§ **What you have to do**:
Transcribe exactly the lines from the one containing "this 1080×717 image." through the end of the data, both included. Leave out pictures.

§ **Saved entries**:
++++++

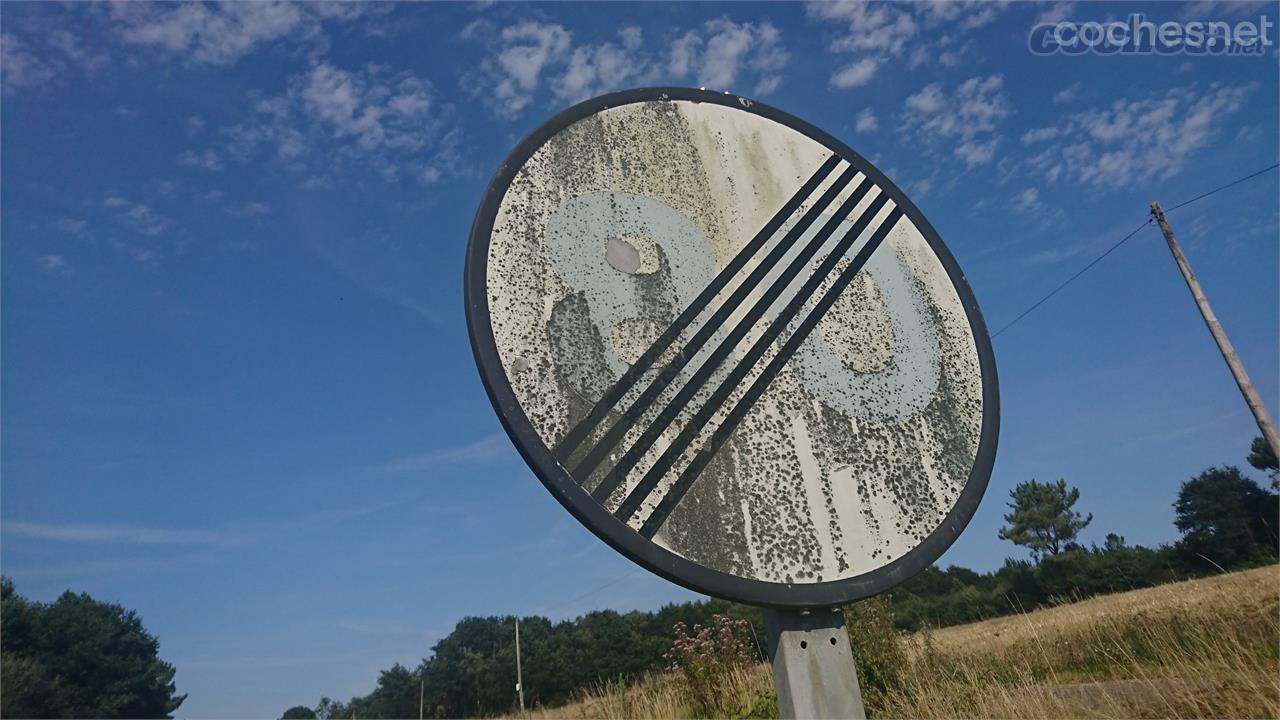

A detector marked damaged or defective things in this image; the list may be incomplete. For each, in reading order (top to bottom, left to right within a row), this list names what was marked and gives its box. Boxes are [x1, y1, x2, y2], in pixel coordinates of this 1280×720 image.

corroded metal border [460, 87, 1000, 612]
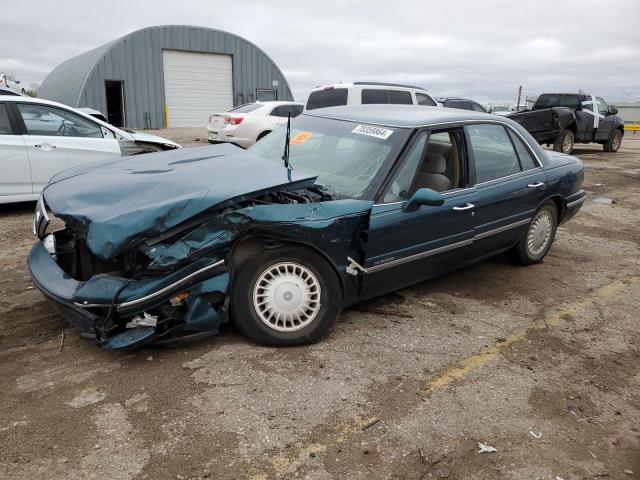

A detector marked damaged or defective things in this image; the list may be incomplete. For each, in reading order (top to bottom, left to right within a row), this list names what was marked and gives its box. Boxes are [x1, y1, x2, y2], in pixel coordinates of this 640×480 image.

crumpled hood [42, 144, 318, 260]
damaged front end [27, 184, 372, 348]
crashed teal sedan [27, 105, 584, 348]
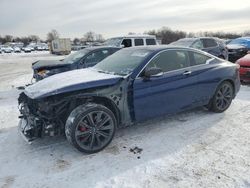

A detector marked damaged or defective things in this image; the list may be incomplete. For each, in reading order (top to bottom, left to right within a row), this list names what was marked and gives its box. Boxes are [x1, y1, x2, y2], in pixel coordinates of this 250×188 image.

damaged blue car [17, 46, 240, 153]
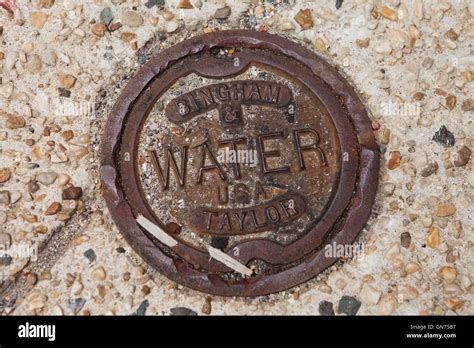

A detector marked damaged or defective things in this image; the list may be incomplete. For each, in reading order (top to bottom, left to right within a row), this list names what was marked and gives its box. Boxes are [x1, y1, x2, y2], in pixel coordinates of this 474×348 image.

rusty cast iron cover [99, 30, 378, 296]
oxidized iron [102, 29, 380, 296]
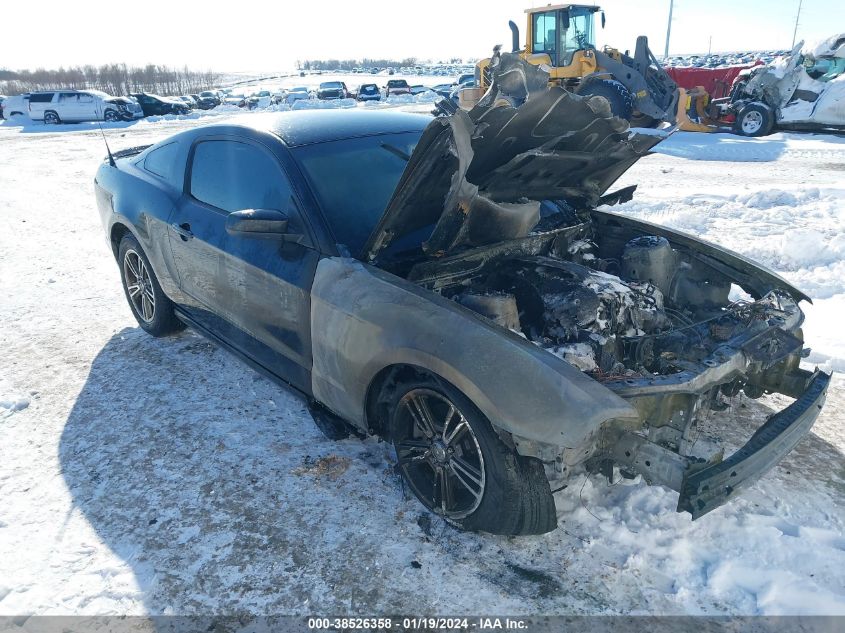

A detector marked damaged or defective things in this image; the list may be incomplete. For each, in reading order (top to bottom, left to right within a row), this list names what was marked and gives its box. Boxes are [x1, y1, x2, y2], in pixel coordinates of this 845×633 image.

wrecked vehicle [95, 54, 828, 532]
damaged ford mustang [94, 56, 832, 536]
damaged fender [310, 256, 640, 444]
fire damage [360, 53, 828, 520]
wrecked vehicle [712, 34, 844, 135]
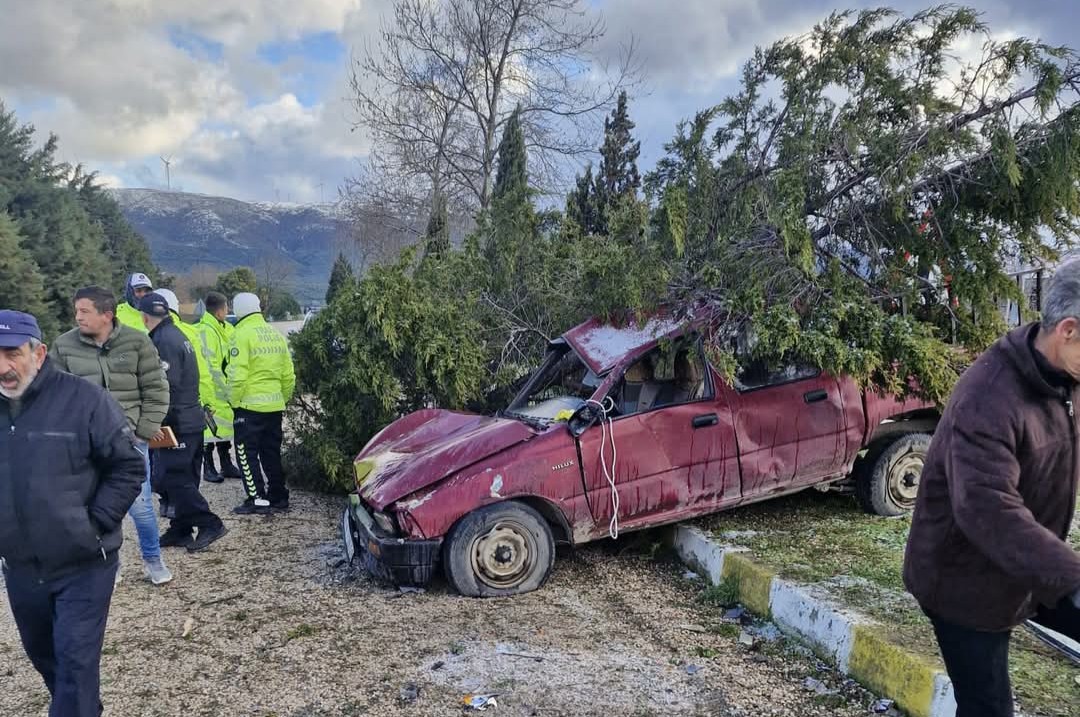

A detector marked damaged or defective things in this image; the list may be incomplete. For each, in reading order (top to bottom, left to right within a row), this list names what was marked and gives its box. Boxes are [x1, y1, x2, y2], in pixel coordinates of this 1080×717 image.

damaged hood [356, 408, 536, 510]
wrecked red pickup truck [340, 316, 936, 596]
rusty wheel rim [472, 520, 540, 588]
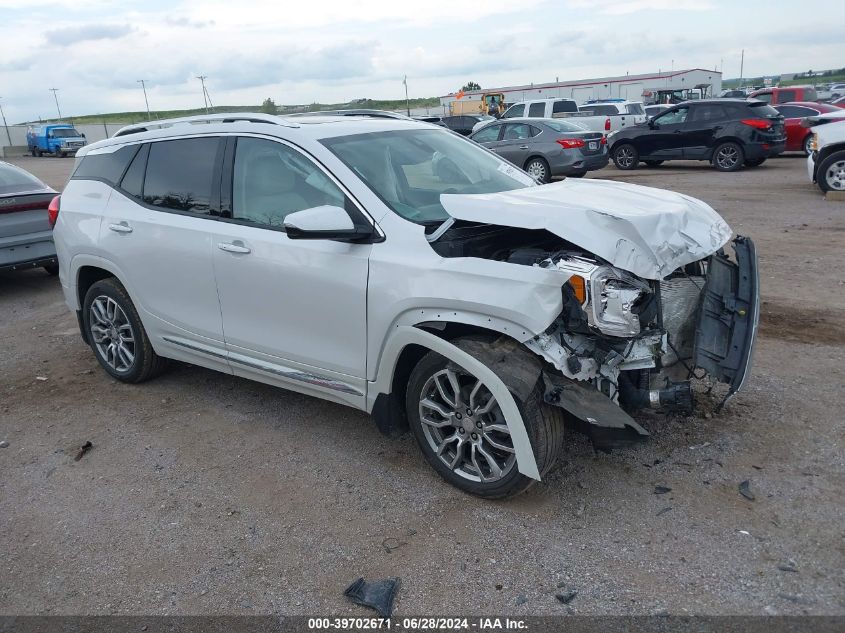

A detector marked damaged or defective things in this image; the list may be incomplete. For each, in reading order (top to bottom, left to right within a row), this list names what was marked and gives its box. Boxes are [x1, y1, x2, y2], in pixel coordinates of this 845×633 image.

broken headlight [584, 266, 648, 336]
damaged front end [524, 237, 760, 450]
broken plastic debris [342, 576, 398, 616]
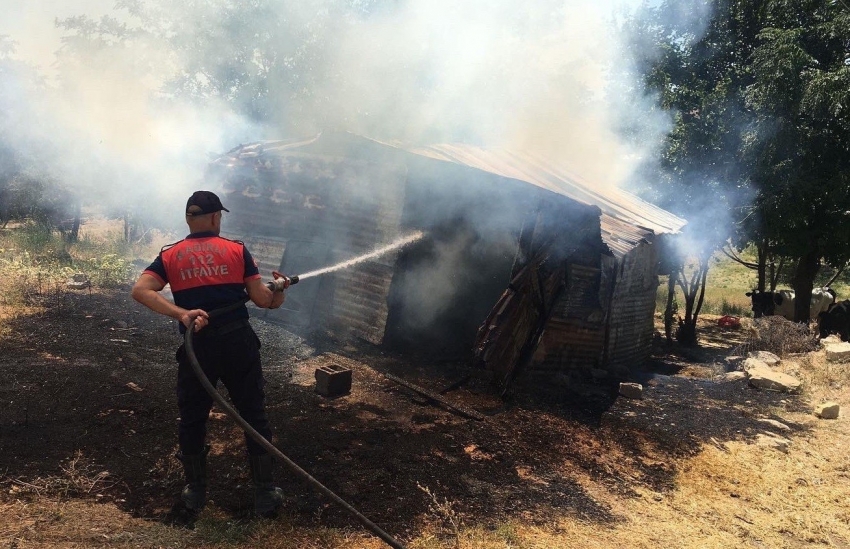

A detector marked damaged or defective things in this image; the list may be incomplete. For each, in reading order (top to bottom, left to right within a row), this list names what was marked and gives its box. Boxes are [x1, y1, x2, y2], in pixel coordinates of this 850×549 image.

charred wooden plank [384, 372, 484, 420]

++++++

§ **Answer to this problem**:
A detector marked damaged or defective things in this image; the list may be incomplete. For each, in reading order (top to bottom, left to right within a row), this list names what was marked and gives its box. Boxes are [x1, y1, x2, y2], in pixel coordinates of this 1080×717 image.

damaged hood [356, 408, 536, 510]
wrecked red pickup truck [340, 316, 936, 596]
rusty wheel rim [472, 520, 540, 588]

A detector marked damaged or defective things in this image; the list may be incomplete. For each, in reading order (top to bottom, left to right within a row), this list names what was marked and gives its box. Boxes are [x1, y1, x2, y2], in pixel coordinates of this 845×633 image.

broken headlight [584, 266, 648, 336]
damaged front end [524, 237, 760, 450]
broken plastic debris [342, 576, 398, 616]

A detector marked damaged or defective things in this image; the list may be incomplete. For each, in reading order (top to bottom, left to right within a row), this list names what was marked and gives its box. Boxes are [x1, y1, x2, y2], in pixel coordinates of this 850×549 image.

charred wooden plank [384, 372, 484, 420]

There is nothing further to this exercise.